Tuesday, June 30, 2009

The weight of light continued

The previous weight of light blog piece was inspired by thinking about how big the mass of the cosmic background radiation is. As per my previous post an individual photon does not have mass but a collection of photons generally will. At any rate since the cmb is isotropically distributed that means it has a net zero linear momentum and so we can find its rest mass by the simple application of the E = mc^2 law. The cmb is basically a perfect blackbody distribution so we can use the relation u = 8pi^5t^4/(15h^3c^3) Where t is the temperature in joules. Since the cmb has a temperature of about 2.7 kelvin that translates to 3.7 x 10^-23 joules. That yields an energy density of about 4 x 10^-14 J/m^3 a quick google search provides a radius for the universe at roughly 78 billion light years. A light year = 9.4605284 × 10^15 meters so we get a volume of 4/3*Pi*r^3 = 4/3*Pi*(78000000000*9.4605 x 10^15)^3 = 1.6 x 10^81 m^3 So multiplying the two gives a value for the total energy content of the cmb which is 6.4 X 10^67 J. Translating this into Kg we get m = 7.1 x 10^50 Kg.

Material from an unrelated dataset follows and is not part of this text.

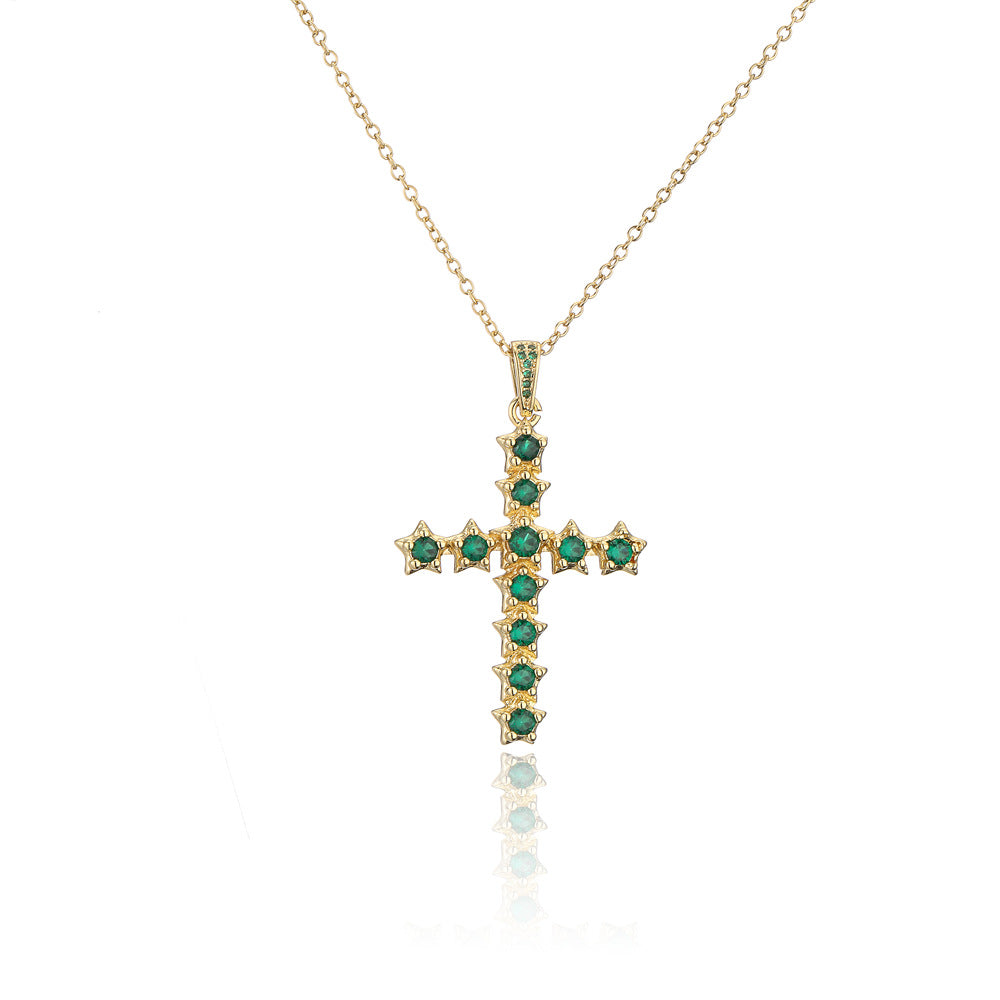 Minimalist Star-Shaped Zirconia Pendant Necklace in Copper with 18K Gold Plating for Women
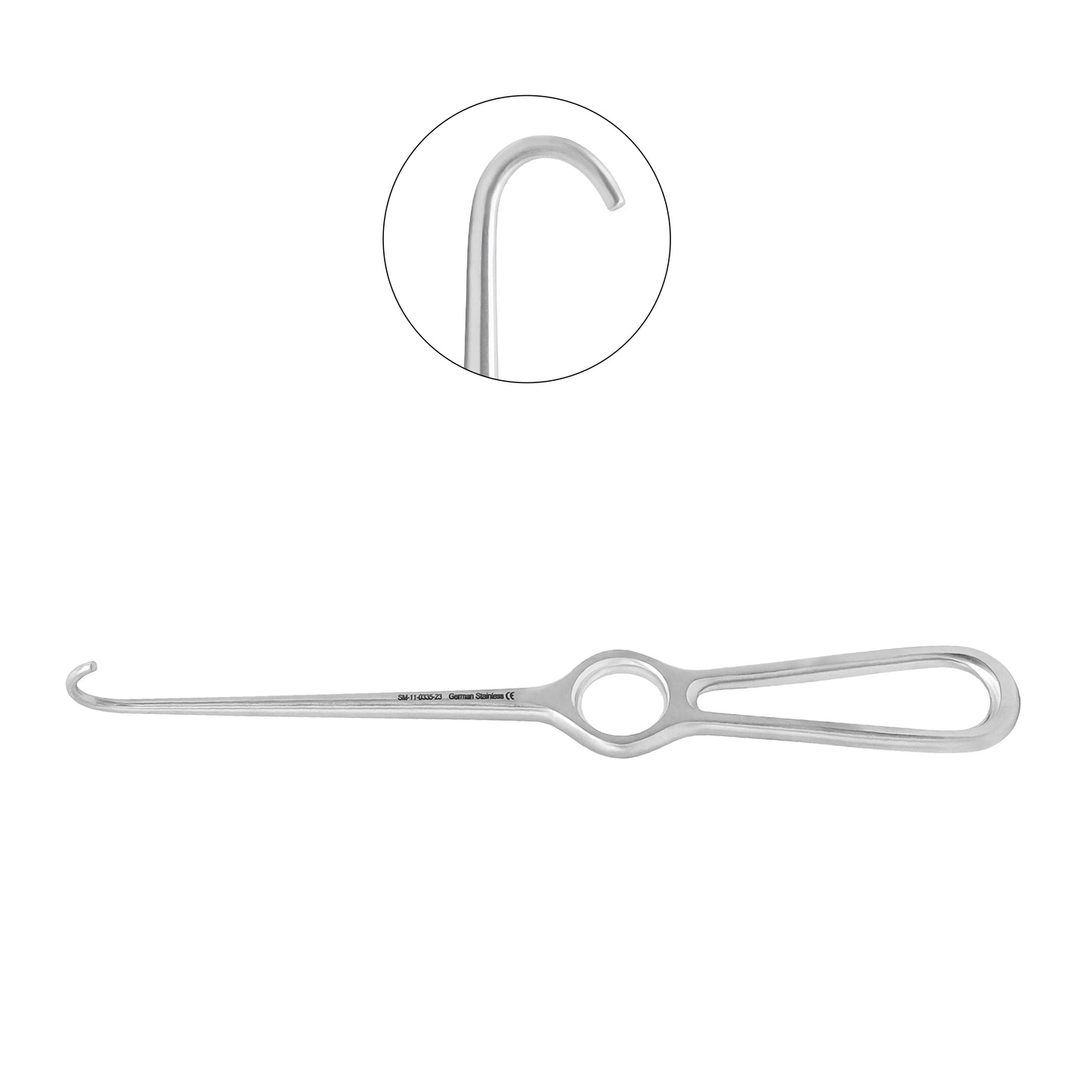Volkman Bone Hook – 23cm / 9" – 15×20mm Blunt Orthopedic Surgical Retractor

The mass density of visible matter in the universe is estimated at 3 x 10^-28 kg/m^3 so the total mass of the visible matter using the above given value for the volume of the visible universe gives a mass of 4.8 x 10^53 Kg. So the cosmic background radiation weighs in at about a thousandth of the mass of visible matter in the universe but still a not insignificant contribution to the overall mass. Anyway I thought it would be fun to post t3h calculation.